Sri Aurobindo discusses the conditions of this transformation: “There will be needed a complete consecration of your self and your nature and your life to the Highest and to nothing else but the Highest; for all must be held only for the sake of the Highest, nothing accepted except as it is in
God and a form of God and for the sake of the Divine.”
This impacts the intellect and mental activities: “There will be needed an admission of new truth, an entire turn and giving of your mind to a new knowledge of self and others and world and God and soul and Nature, a knowledge of oneness, a knowledge of universal Divinity, which will be at first an acceptance by the understanding but must become in the end a vision, a consciousness, a permanent state of the soul and frame of its movements.”

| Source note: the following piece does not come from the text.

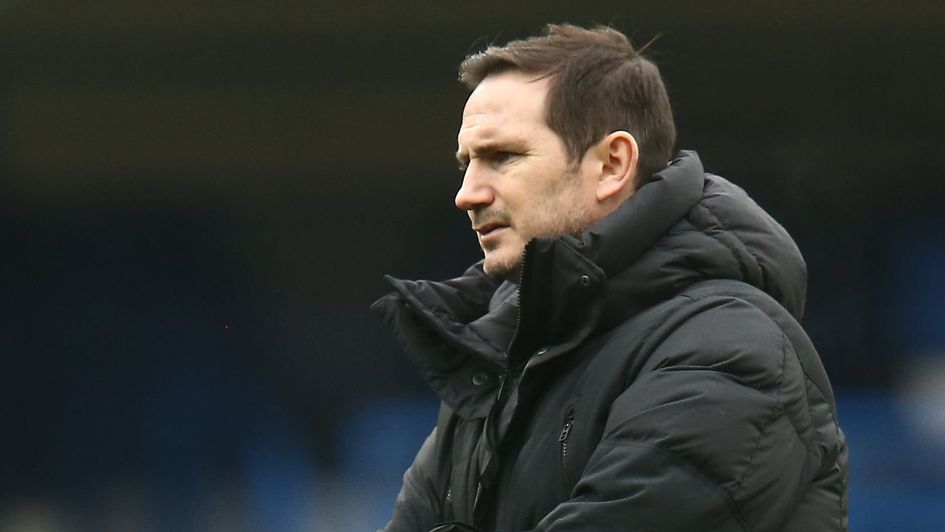 Premier League sack race: Frank Lampard has been backed despite victory at Fulham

It must also transform our active nature through the will, the heart, the vital and physical elements of our being: “There will be needed a will that shall make this new knowledge, vision, consciousness a motive of action and the sole motive….There will be needed an uplifting of the heart in a single aspiration to the Highest, a single love of the Divine Being, a single God-adoration. And there must be a widening too of the calmed and enlightened heart to embrace God in all beings. There will be needed a change of the habitual and normal nature of man as he is now to a supreme and divine spiritual nature.”
“There will be needed in a word a Yoga which shall be at once a Yoga of integral knowledge, a Yoga of the integral will and its works, a Yoga of integral love, adoration and devotion and a Yoga of an integral spiritual perfection of the whole being and of all its parts and states and powers and motions.”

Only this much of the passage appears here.